Mask Debate: Schools, universities and colleges put in mask mandates; Gov. Ducey calls them ‘toothless’
TUCSON, Ariz. (KOLD News 13) - Lawmakers are in a mask debate, after multiple universities, colleges and schools announced they are going against a law passed during the most recent legislative session, stating mask mandates are banned.
Within the past 24-hours, both the University of Arizona and Pima Community College announced masks will be required indoors on campus.
“We feel that we are following the law by not signaling out folks who are unvaccinated. This is a mandate for everyone, so we’re not calling attention to the folks who have chosen to not be vaccinated,” Libby Howell, spokesperson for Pima Community College, said on Thursday, Aug. 12.
As COVID-19 case numbers across the state are spiking, Howell said the decision is a continuation of their existing mask protocols that have been in place for a year.
“While we had hoped we would not have to continue a mask mandate, we really decided it was in the best interest of our students and our employees to keep them safe,” Howell said.
The University of Arizona sent KOLD News 13 a statement taking up much of the same position as PCC, and said the order only bans mandates based on vaccination status—not a blanket mandate.
“The new statute (ARS 15-1650.05) and the Governor’s Executive Order from June 15, 2021, only prohibit mask mandates if the mandate is based on vaccination status or provides different requirements based on vaccination status,” said Pam Scott, University of Arizona spokesperson.
Both Republican and Democratic lawmakers have spoken their peace on the issue. In a letter sent to Gov. Doug Ducey from Republican lawmakers this week, a group of state lawmakers claim the action to require masks indoors, “borders on anarchy and destabilizes the very foundation of our society to have local governments effectively refusing to comply with the law.”
Shelly Kais, Chairman for the Pima County Republican Party, said she agreed with the letter republican lawmakers sent to Governor Ducey. She said those who break the law have to be met with consequences.
“It is written into state law that masks cannot be mandated so the University of Arizona and Pima Community College have made the decision to break the law,” Kais said. “If nothing else, it’s going to create community chaos, it’s going to create distrust.”
Democratic lawmakers followed suit and sent a letter of their own to the governor, claiming schools and districts should not be punished for trying to keep students and staff safe amid the spike in COVID-19 case numbers.
State Representative, Stephanie Stahl-Hamilton, D- Tucson, said one life is too many to lose and argues that masks should be required indoors.
“My children had a potential exposure to COVID, and they’ve only been in school for two days,” Stahl-Hamilton said. “I think it’s a bold move and somebody in this state has to be a leader in this issue.”
The Governor’s office sent KOLD News 13 a statement after all major universities in the state have chosen to enforce mask mandates inside. His office calls the moves, “toothless, unenforceable and will not hold up in court.”
“COVID has been with us for well over a year and a half now, and Arizonans are educated about it.
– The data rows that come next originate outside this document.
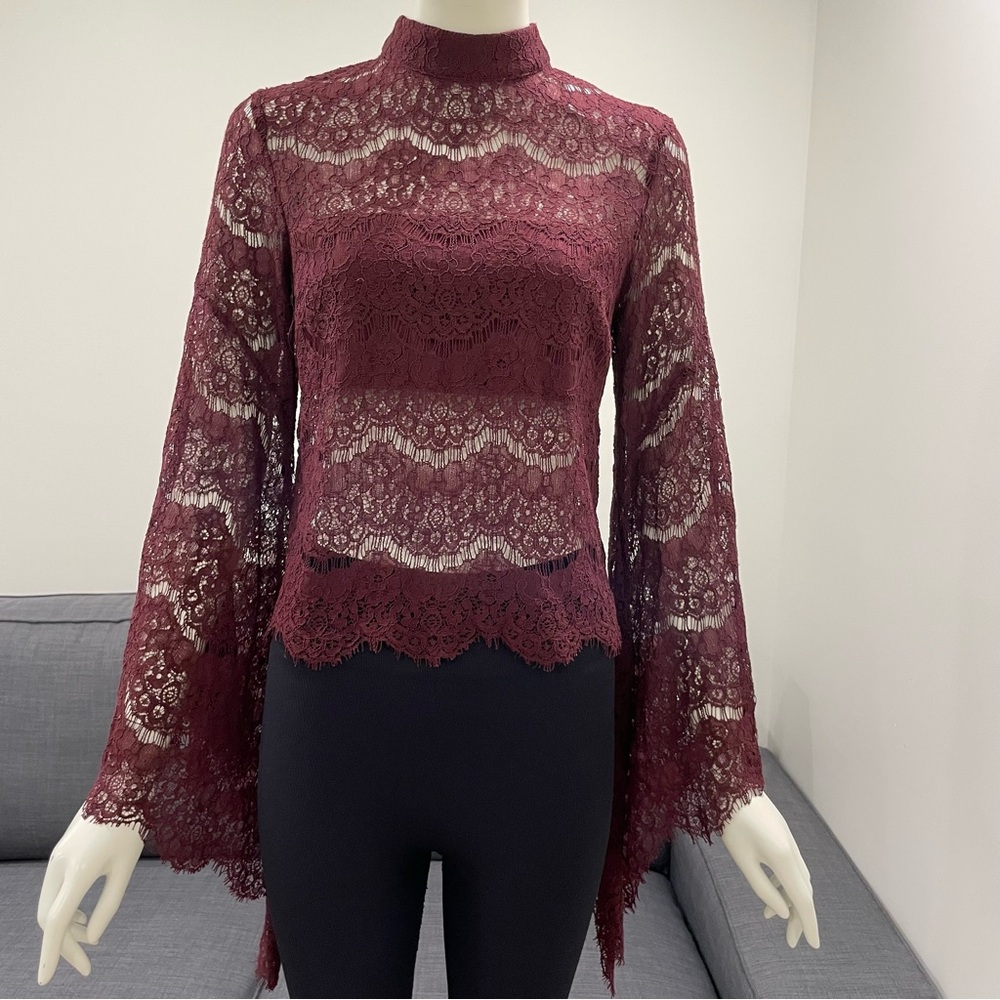 NWT GILBERT from MENDOCINO Burgundy Bell Sleeve Lace Blouse Size Medium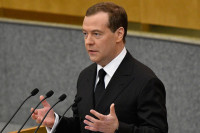 Медведев считает, что беспилотники в будущем могут вытеснить водителей такси
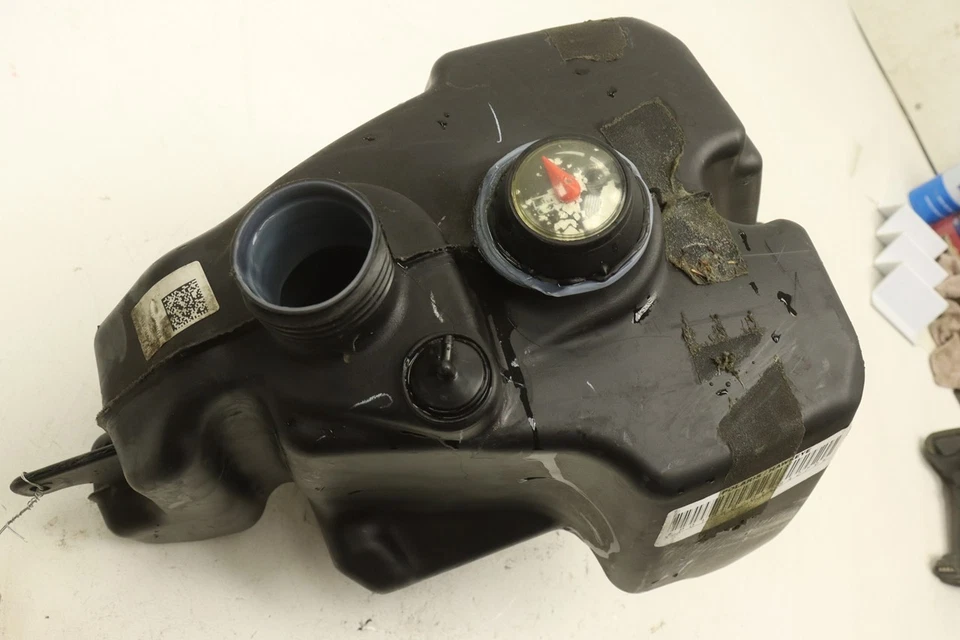 Polaris Sportsman 400 HO 08 Gas Fuel Tank 2520804 51273 - Image 2 of 4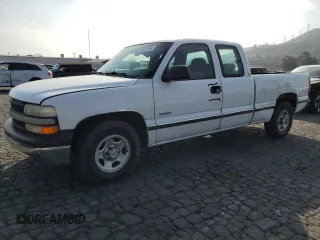 2000 Chevrolet Silverado 1500 with VIN 2GCEC19W3Y1354251, listed as a Copart auction lot 85157354 with 168,354 mi miles and Salvage Title. Bid and sale history available at DreamBid. Image 1.
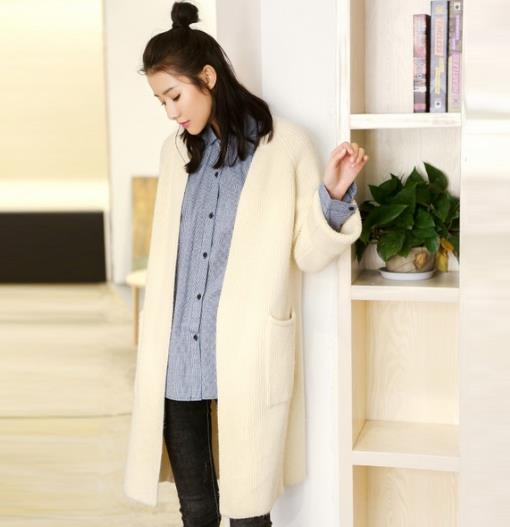 V领大口袋针织开衫的多种搭配：简约时尚又保暖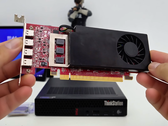 Una imagen de la GPU AMD RX7400 sobre una ThinkStation de Lenovo.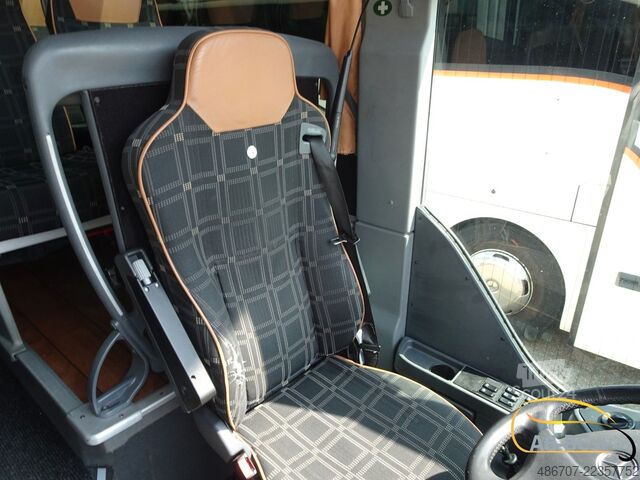 Autocarro de turismo MERCEDES-BENZ Tourismo RHD-M/2A 57 Sitze EURO 6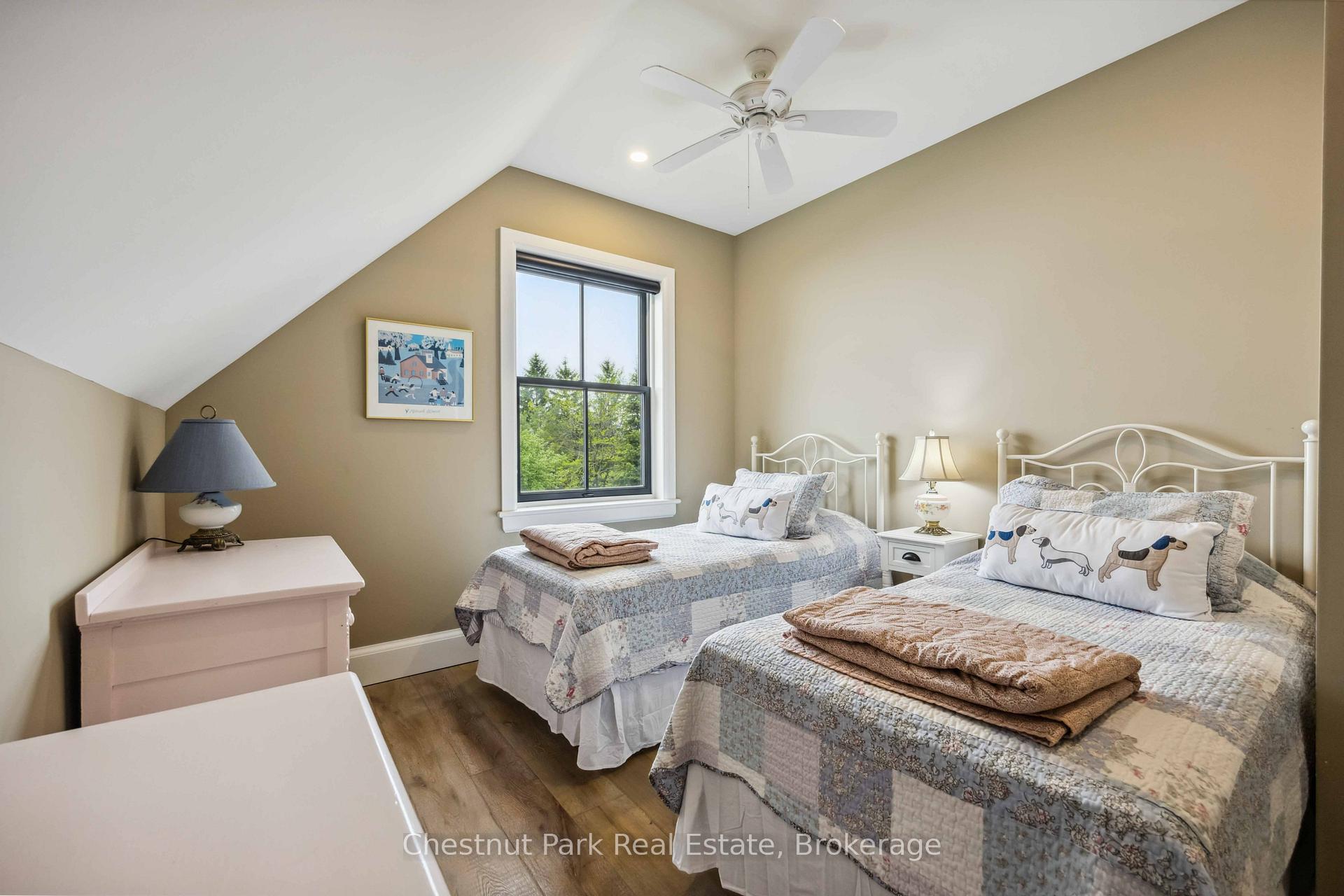5 Bedroom Single Family Home/House's Image 35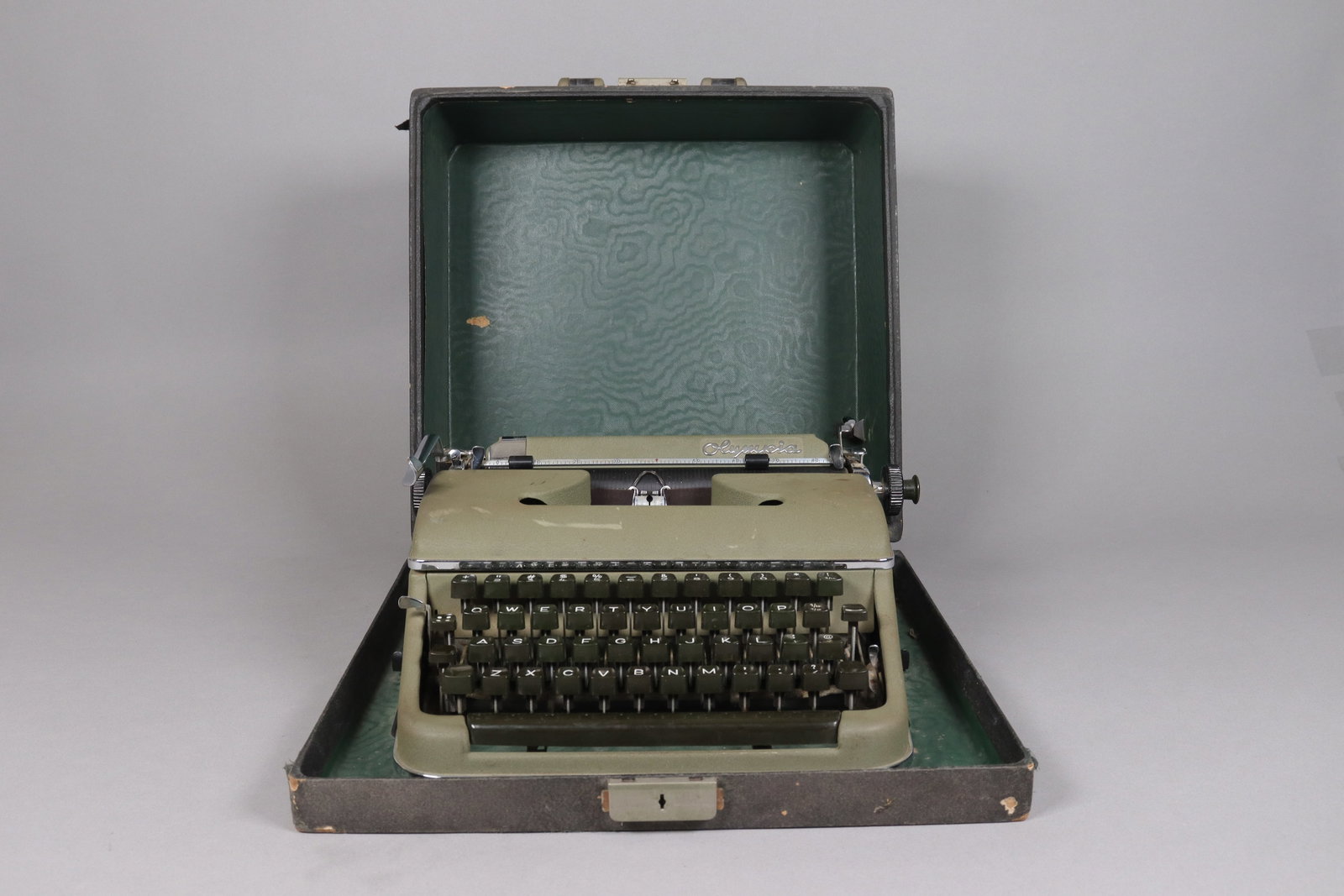 A vintage typewriter (1 of 8)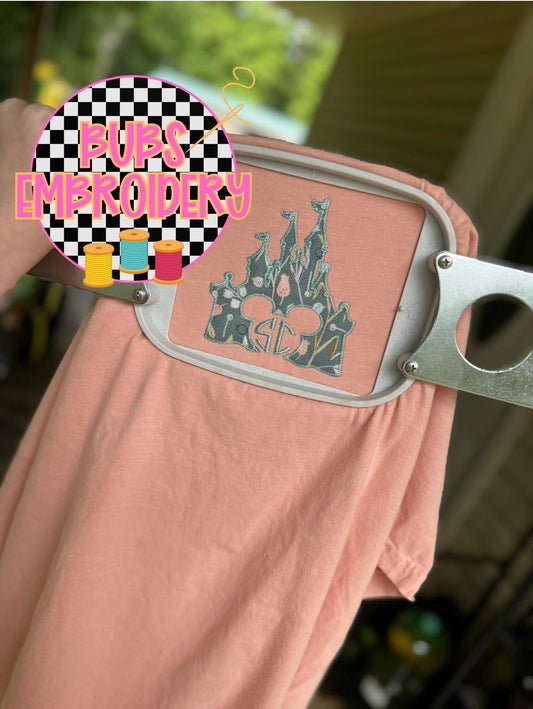 Appliqué Initial Castle pocket comfort color tee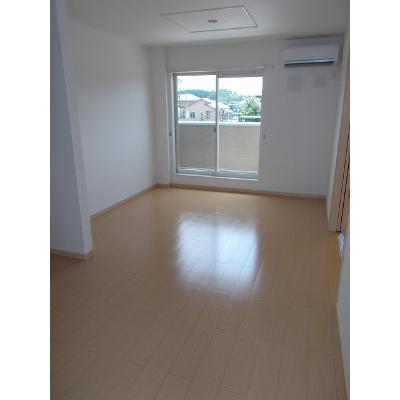 グランシャリオ 204【管理NO：1-016785501-02040】 ★家具家電は申し込み後に搬入します★の物件写真2
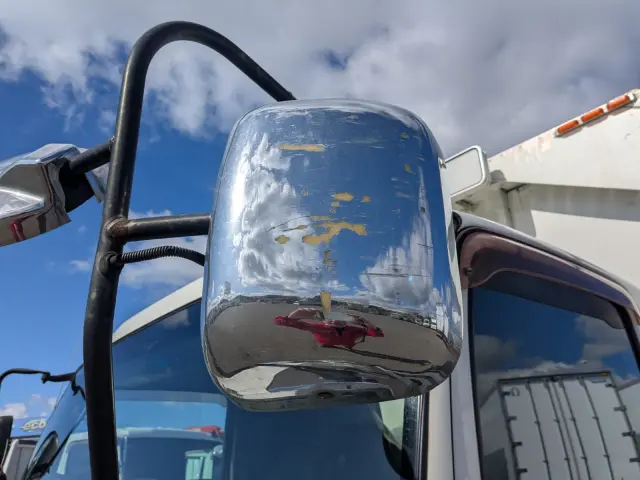 いすゞ フォワード TKG-FRR90T2(2WD)の写真42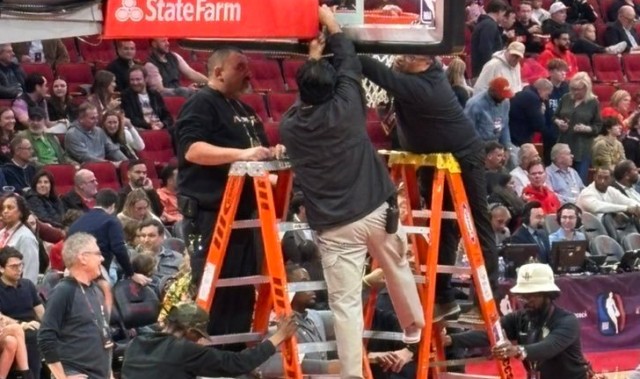 开云体育下载-逆转！火箭击溃马刺，谢泼德扛大旗，申京20+13+9，文班亚马低迷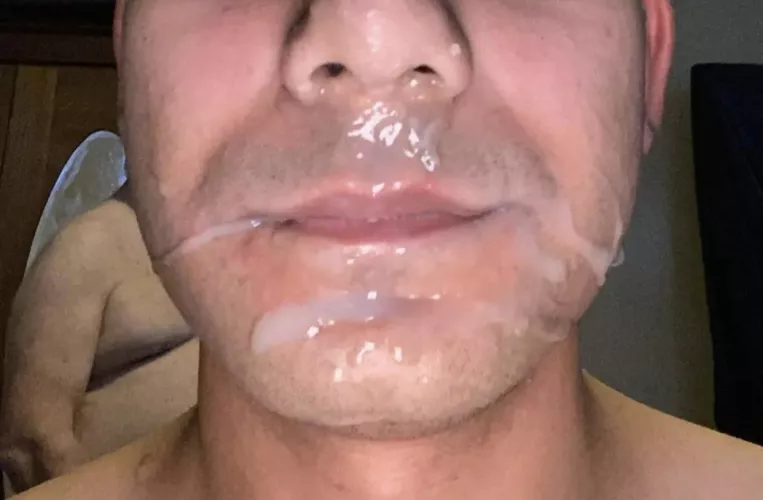 The mess Bear Daddy left on my (19)ethnic face 🤭🥵🥰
If they want to wear masks, they should absolutely do so. It’s an individual choice. No one and no law anywhere in Arizona is stopping anyone from wearing masks. Ultimately, these mandates are toothless, unenforceable and will not hold up in court. As we’ve said repeatedly, the game-changer in this discussion is the vaccine. It works, it’s widely available and we strongly encourage every eligible Arizonan to get their shot. We also strongly believe the FDA should listen to the American Academy of Pediatrics and expand authorization of this life-saving vaccine to children under the age of 12. The FDA needs to ramp up this effort and they need to act quickly,” a spokesperson for the Governor wrote.
The Arizona Board of Regents Chair, Lyndel Manson, said in a statement today-the regents have asked universities to do everything in their power to keep university communities healthy and safe during in person learning.
“As students return to campus this fall, the Arizona Board of Regents has asked the university presidents to do everything in their power to keep our university communities healthy and safe while remaining open and offering an in-classroom experience,” Manson said.
Regina Romero, Tucson Mayor, said she agrees with campuses instituting a mandate.
“I think it’s absolutely appropriate for our school districts and our university system to mandate masks inside buildings,” said Romero.